Pour renforcer la résilience des femmes face aux catastrophes, obligez les plus riches à payer leur juste part

Par: Madeleine Sepulveda, le directeur exécutif de l’Initiative mondiale pour les droits économiques, sociaux et culturels, et membre de la Commission indépendante pour la réforme de la fiscalité internationale des entreprises (ICRICT)

L’inégalité entre les sexes exacerbe l’impact des catastrophes naturelles, et les conséquences des catastrophes naturelles aggravent l’inégalité entre les sexes. Les États doivent introduire une fiscalité progressive pour financer l’expansion des droits tels que l’accès universel aux soins de santé et à l’éducation et renforcer la résilience des femmes aux risques naturels, y compris le changement climatique.

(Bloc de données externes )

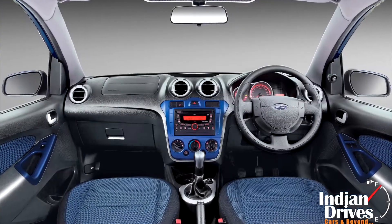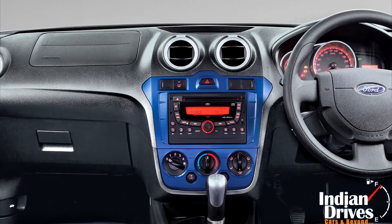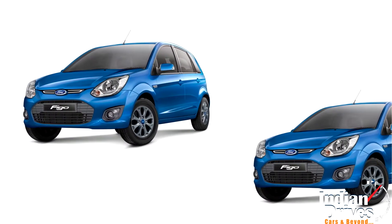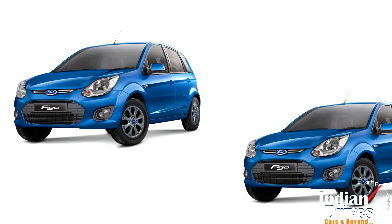Inside the cabin, a cyber-blue theme is reflected in dual tone with grey upholstery, centre console, and door handles. Underhood, it's the same lineup with a 1.4-litre diesel and 1.2-litre petrol, both coupled to a 5-speed manual transmission.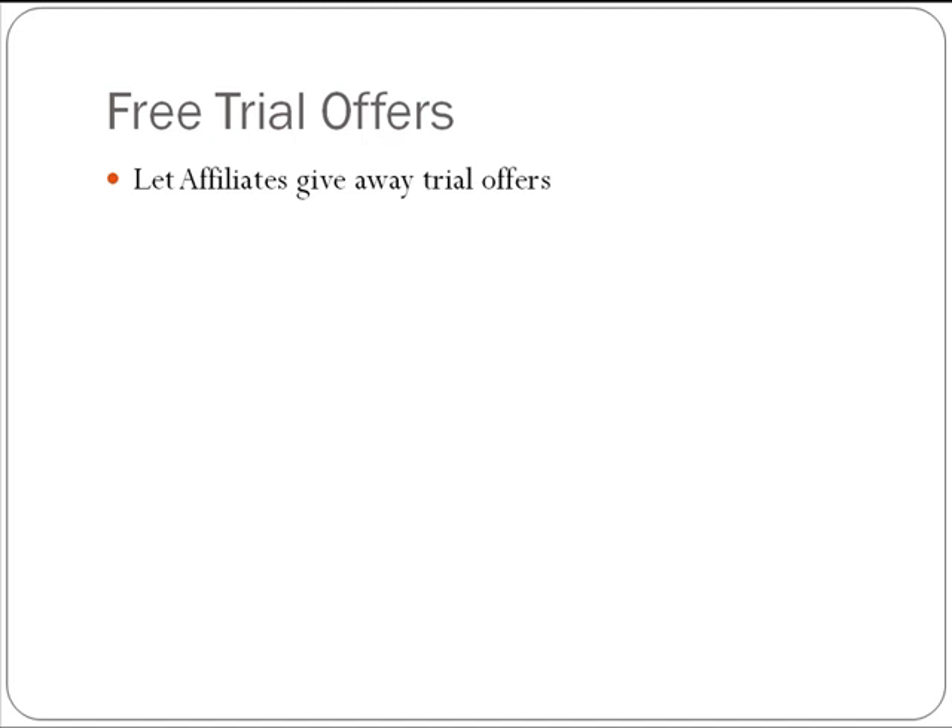You can even pay people — pay them a dollar, pay them five dollars — for a trial subscription if they'll get people to sign up. And in the long term, that'll work out really good for you. Really, it's a nice thing if you just tell affiliates that in their products, they can feature a free 30-day trial to your membership as a bonus. It's beneficial to you and them.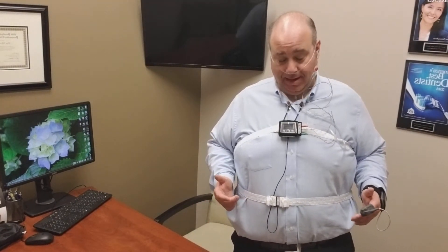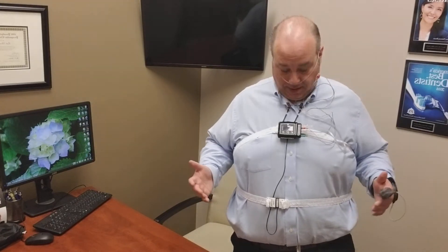Hi, I'm Dr. Bretz from Advanced Cosmetic and Family Dentistry. I bet you're wondering why I'm all hooked up here and wired. Well, this is a Bruxism Monitor. What's a Bruxism Monitor?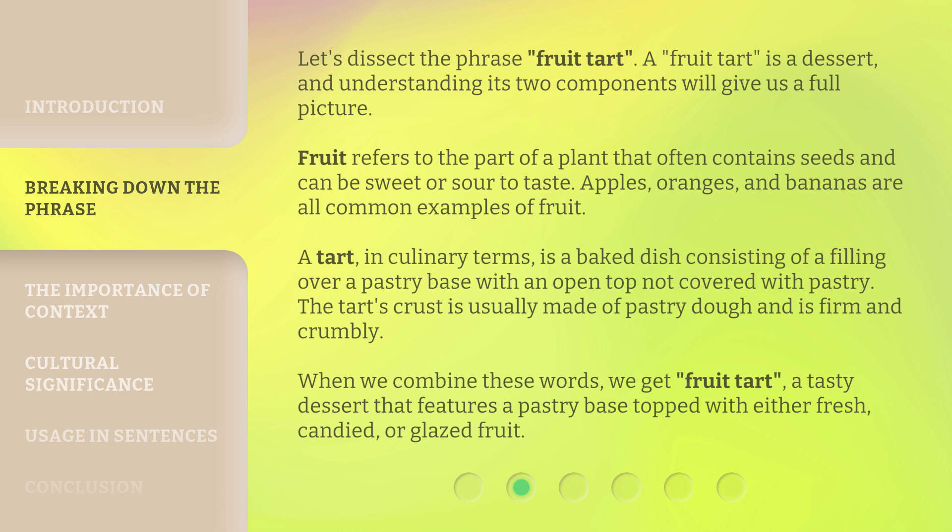A tart, in culinary terms, is a baked dish consisting of a filling over a pastry base with an open top not covered with pastry. The tart's crust is usually made of pastry dough and is firm and crumbly. When we combine these words, we get fruit tart — a tasty dessert that features a pastry base topped with either fresh, candied, or glazed fruit.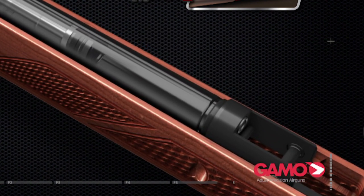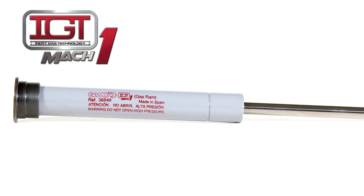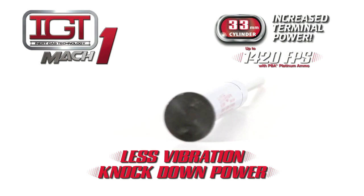Not to mention smooth and consistent cocking efforts with constant power delivered to any pellet you fire. If you want more precision, less vibration, and true knockdown power, make sure your next Gamo has the IGT Mach 1 inside.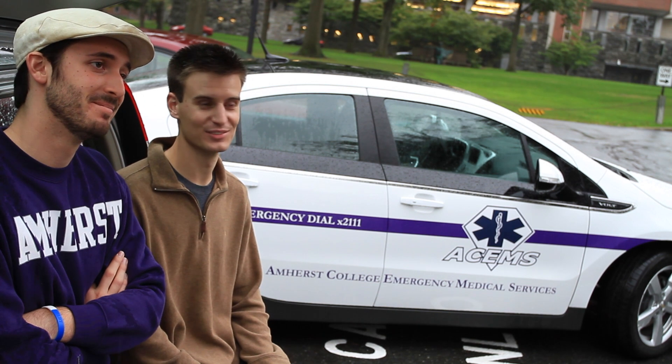It looks like a UFO. Yeah, I've heard that. I mean, it's not a bad thing — it's kind of cool to watch.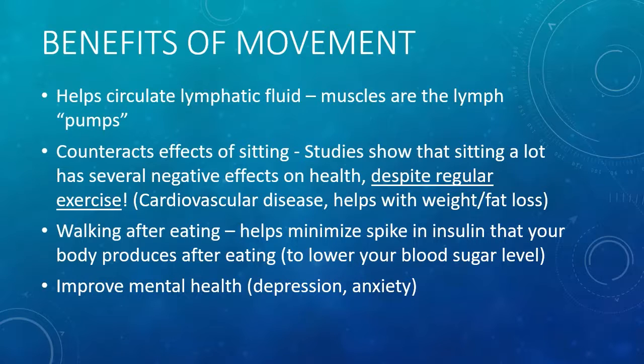Other benefits of movement include counteracting the effects of sitting. Studies have shown that sitting a lot has negative health effects, even if you have regular exercise as part of your healthy habits. Counteracting the effects of sitting include improvements in cardiovascular disease and help with weight or fat loss. Walking after eating helps minimize the spike in insulin that your body is producing after eating — insulin is secreted to help lower your blood sugar. Also, movement has been shown to improve mental health, meaning depression or anxiety.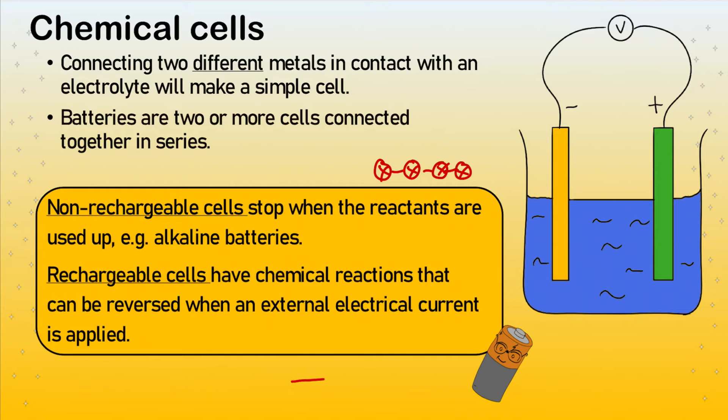You may have come across reversible reactions before — they're the ones where reactants react together to make a product, but with a reversible arrow rather than the standard arrow. If we put electricity into these products, we can actually reverse the reaction back again to make more of the reactants. So the reaction to the right, making the product, creates a potential difference. If we provide a potential difference, we can reverse it back again, allowing us to reuse the battery.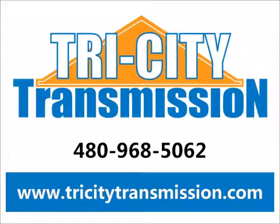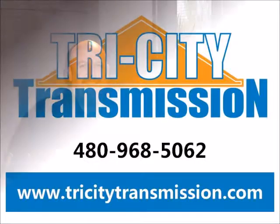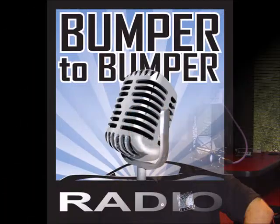This is Bumper to Bumper, the car show. Drive in anxious and cruise out confident, with the best automotive information for your vehicle. And now your hosts, Matt Allen and Dave Riccio.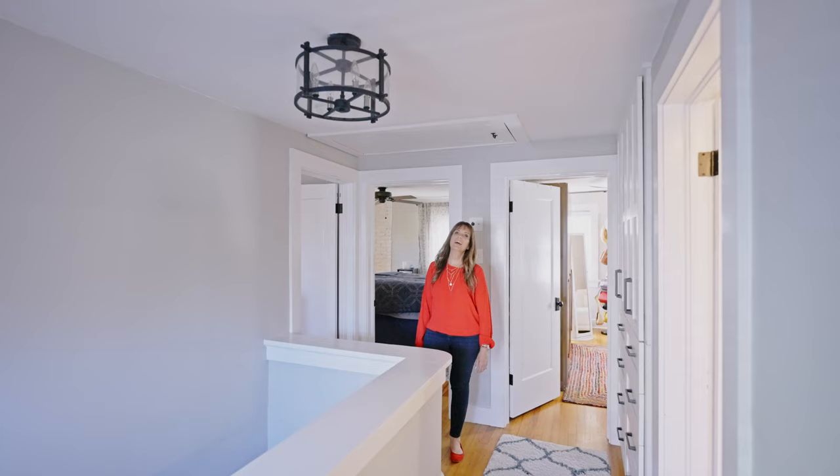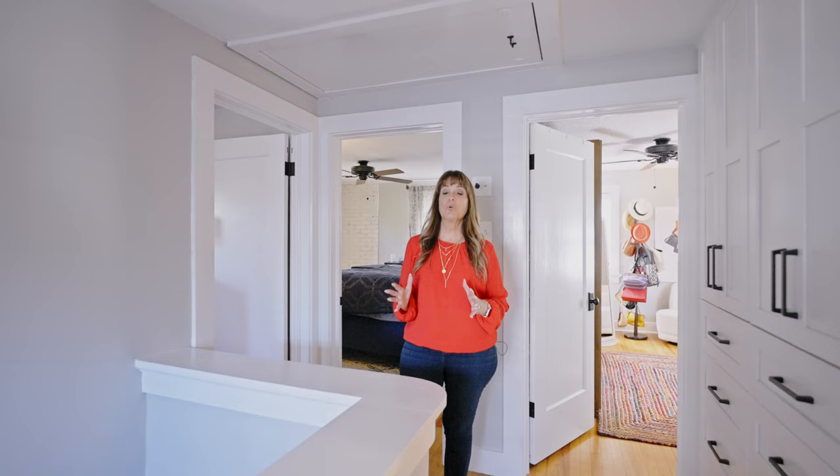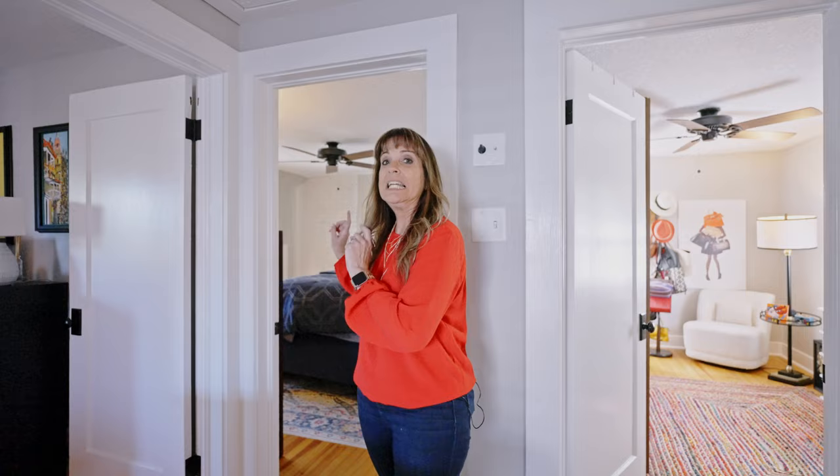Up here you have hardwood floors, three great bedrooms, and a nice full bath that's been renovated. I also want to point out how much storage this house has — this is unheard of in a house from 1925. We have built-ins, nicely sized closets, and also this little secret Harry Potter closet in the master. Let's go check it out.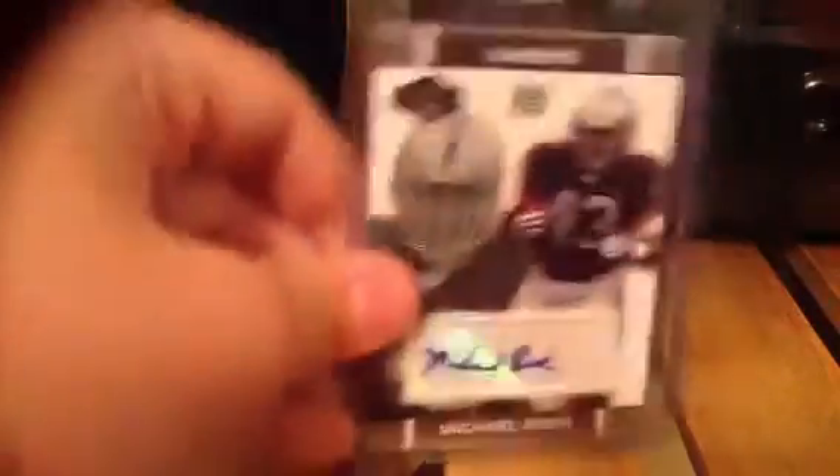Jerry Hughes auto out of 6. Emanuel Sanders auto. Two Steve Breston autos. Michael Bush auto. Alan Branch and Leon Hall — my bad, two autos. And Antonio Pittman and Tony Hunt.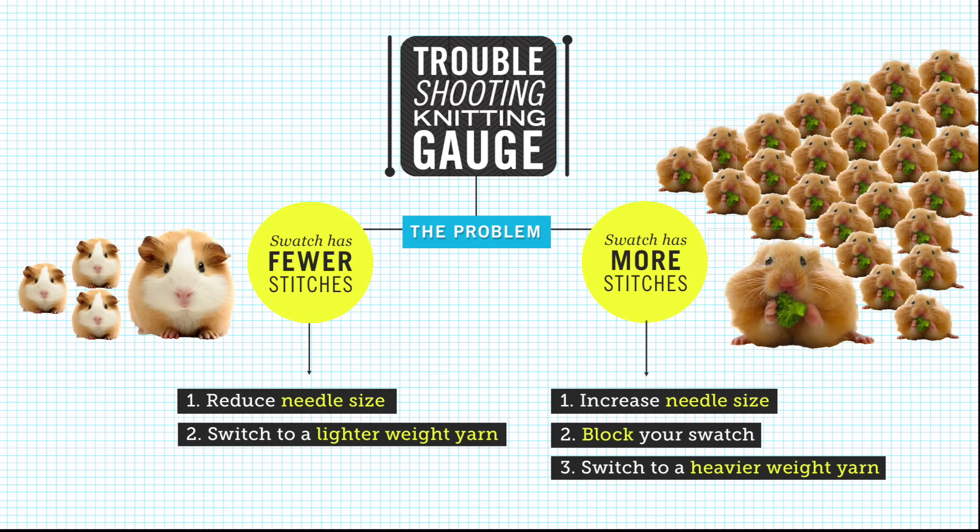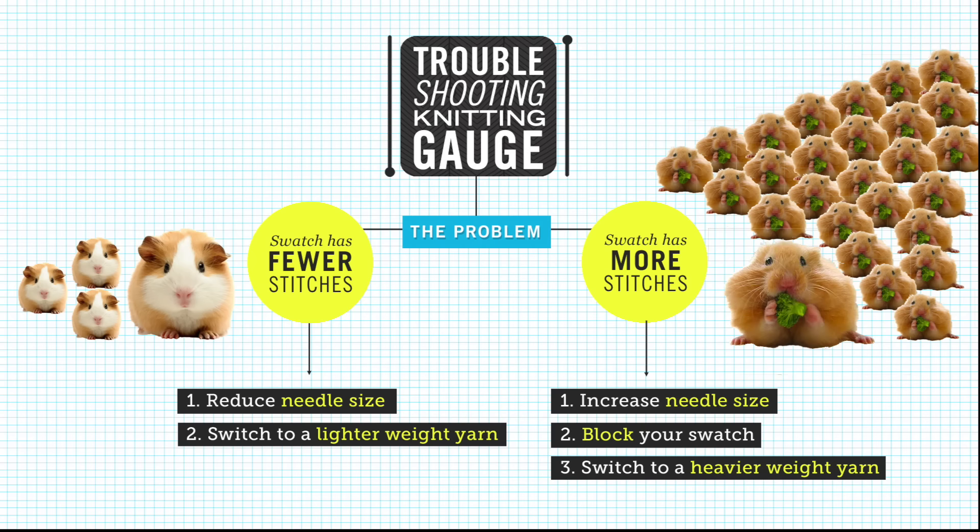So there you have it — now you know how to knit a gauge swatch, measure it, and troubleshoot it in case you don't get the gauge you need for your pattern. This has been a pretty technical video about a dry but very important topic. Remember: if you want to knit something that fits, you gotta get gauge. If you like this video, give it a big thumbs up, and if you love this video, do subscribe. I'm Davina from sheepandstitch.com. Thanks for watching, happy knitting, and don't forget to get gauge!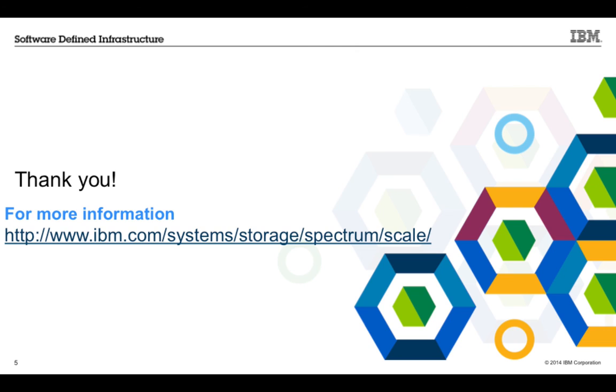Thank you both for coming on the show today and telling us about Spectrum Scale from IBM. That's it for The Rich Report.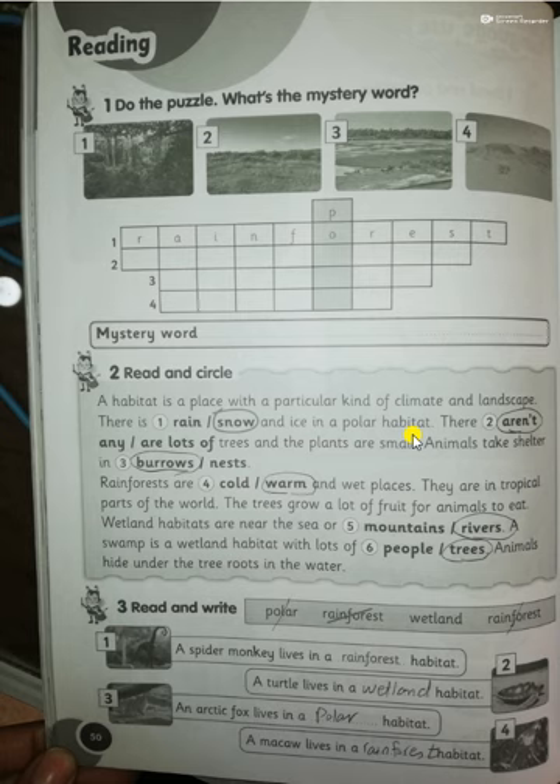There aren't lots of trees and the plants are small in the polar habitat. Animals take shelter — that means animals take a home to be safe and to protect their families from fierce animals. Animals take shelter in burrows.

Elle s’appellera Aya. C’est le nom que les infirmières ont donné au bébé extrait des décombres d’un immeuble de cinq étages à Jinderis, dans le nord de la Syrie. Un miracle. A côté d’elle, les sauveteurs ont retrouvé sa mère, morte. Elle avait accouché quelques heures après le séisme de magnitude 7,8 qui avait frappé la Turquie et la Syrie dans la nuit du 6 février 2023. Comme elle, plus de 50 000 personnes sont mortes dans le séisme. Aussi tragique qu’elle est porteuse d’espoir, cette histoire a ému les médias internationaux. Cela nous rappelle également que plus de 350 000 femmes enceintes qui ont survécu au tremblement de terre ont désormais un besoin urgent d’accéder à des soins de santé, selon les Nations Unies. Et ce n’est qu’un aspect de la vulnérabilité des femmes aux catastrophes naturelles.

Les inondations, les sécheresses, les tremblements de terre et autres événements extrêmes ne sont pas neutres en termes de genre, en particulier dans les pays en développement. Les preuves montrent que les femmes et les filles meurent en plus grand nombre et ont des niveaux de résilience et de capacité à se rétablir différents et inégaux. Sur les 230 000 personnes tuées lors du tsunami de 2004 dans l’océan Indien, par exemple, 70 % étaient des femmes. En raison des barrières entre les sexes, elles ont souvent moins de compétences de survie : les garçons apprennent d’abord à nager ou à lire. Il leur est donc difficile d’accéder aux alertes précoces ou d’identifier des abris sûrs. De plus, il est plus difficile pour les femmes d’échapper au danger puisqu’elles sont le plus souvent responsables des enfants, des personnes âgées et des malades. Les tensions et la peur accrues, ainsi que la perte de revenus provoquée par les catastrophes, entraînent une augmentation de la violence domestique à l’égard des femmes et des filles. Elles sont aussi les premières victimes de violences et d’exploitation sexuelles lorsque des populations entières sont déplacées – ce fut l’une des premières préoccupations au Pakistan lorsque plus de 8 millions de personnes ont dû quitter leur domicile à cause des terribles inondations de juin-août 2022.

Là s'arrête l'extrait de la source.